What you need to do is understand the performance of each step at a basic level. Forget about threads and parallelism and focus on the resource requirements to achieve what you want to achieve. If those resources are available, then you can think about how to organize them to achieve your goals.
Goal: Receive 50 zip files (25 mb each) per second, unzip them, decode the jpegs, and run a face detection routine on the decoded images.
- How many MB per second can you receive?
- How many MB per second can you unzip?
- How many MB of jpegs can you decode per second?
- How many MB per second can you process?
Once you can answer these questions you will have a better idea where you stand. You might be surprised how fucked you are.
I’ll make a few assumptions to illustrate my point:
- You need to receive and process 1GB/sec of zipped jpegs.
- The zip file is the same size as the unzipped jpegs (jpegs are already compressed, I suspect you aren’t getting any benefit from zipping them.)
- The jpegs are compressed 10:1 (this is a fairly typical ratio for jpegs)
This means that you need to decode about 1 GB of jpegs (10GB of raw images) per second.
Using data from this link: Analysis of JPEG Decoding Speeds – Brian C. Becker
and assuming you are using a typical/standard jpeg decoder, you would need appx 100 cores to decode 1GB of jpegs per second (10 GB decoded size). The article is old, the processor was a 2.4 GHz core 2 duo, so maybe you can do it with 50 cores, which is still a lot.
I’ll assume that 50 cores is out of the question for you. So now what? Notice (from the article) that libjpeg_simd was 5x faster than the typical ones? Can you use that? If so, maybe you can get down to 10 cores. Still too many cores? Can you use a GPU - there are apparently GPU based jpeg decoders that (I imagine) are even faster.

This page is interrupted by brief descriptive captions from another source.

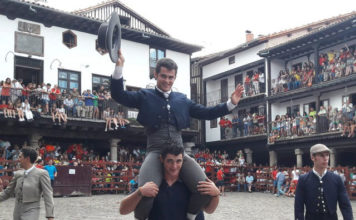 Juan Luis Moreno saliendo a hombros en La Alberca
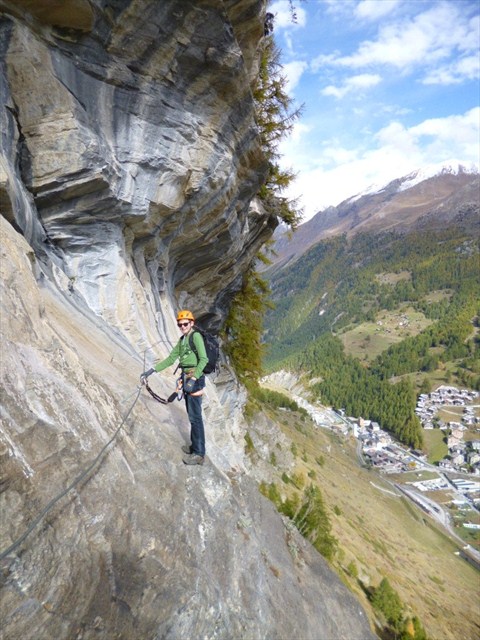Adrenaline = smiles. Photo by geocacher Die Berüchtigten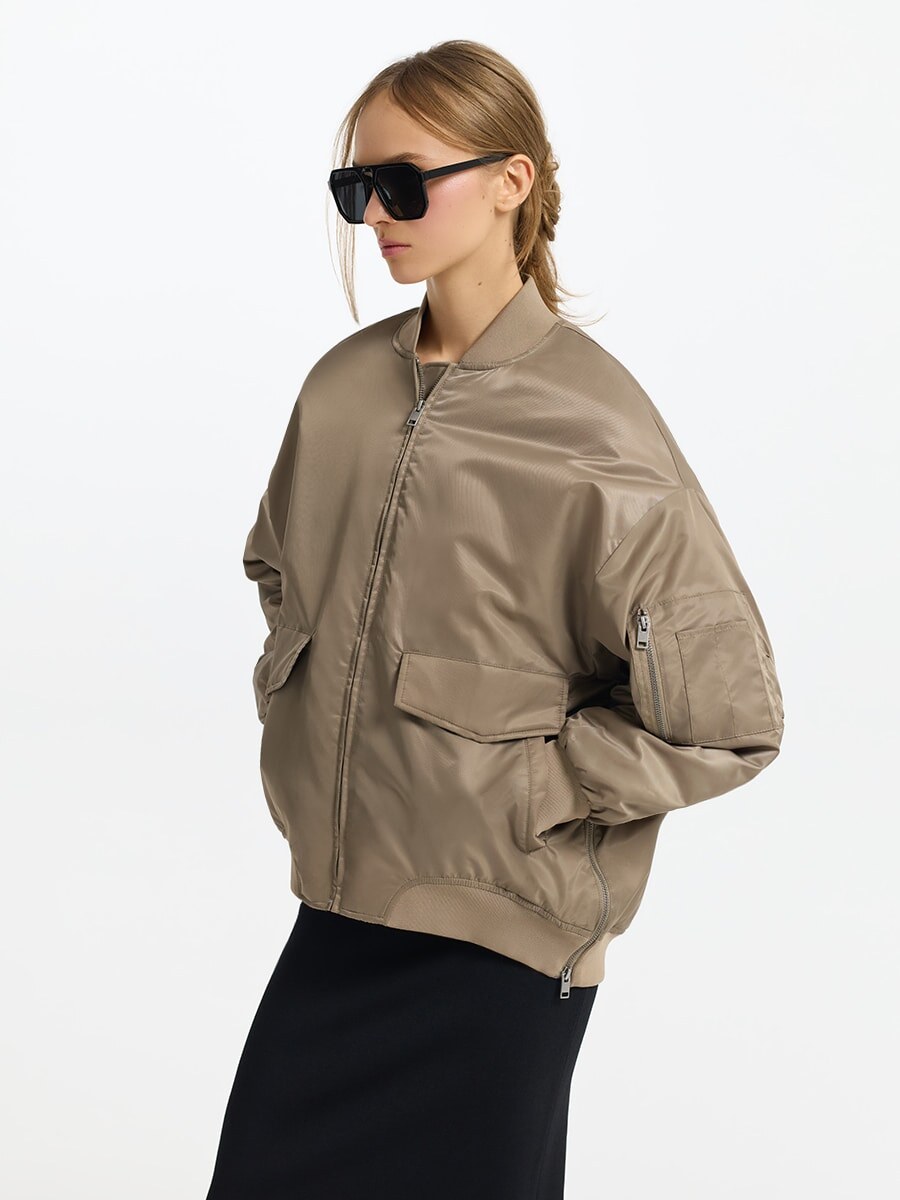 серо-бежевый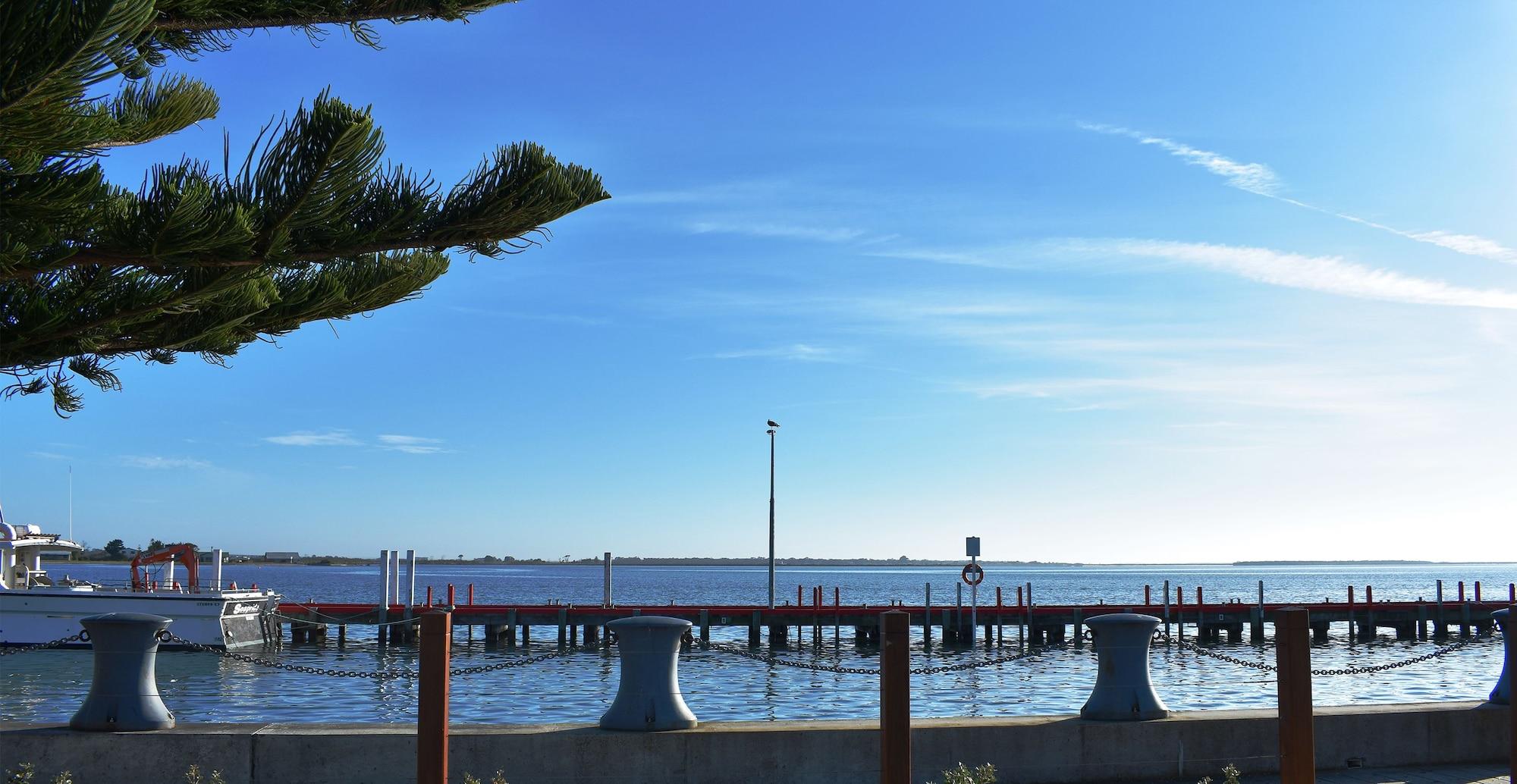 Varios Port Albert Motel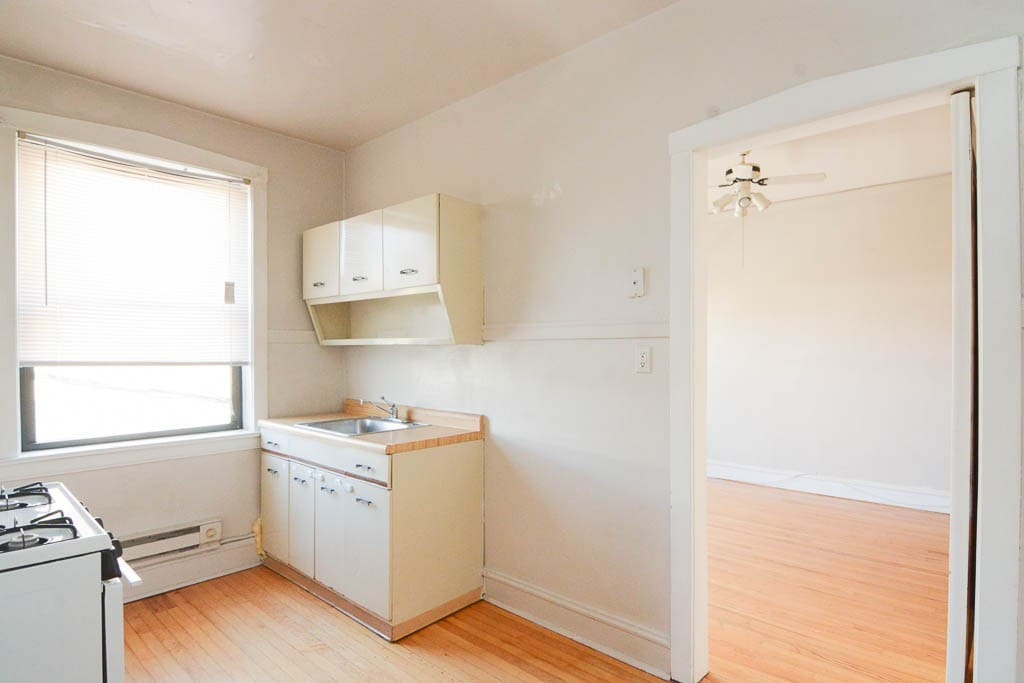 Building Photo - 1238 Oak Ave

Note that so far all we are talking about is decoding jpegs from ram to ram and it looks like we need at least 5 modern CPU cores to do it (and likely more.) You have 2, and no amount of celery can turn 2 cores into 5. (you’re gonna need more cores.)
If you add in the unzipping step, and you insist on storing the zip files and jpegs on disk, I’d guess you will be able to support 5-10% of your desired load one one node. If you need 20 nodes (each with 2 cores and 8GB of ram) to handle the load, is that an option for you? Maybe you could have a dedicated node for receiving / dispatching the POST data to the worker nodes?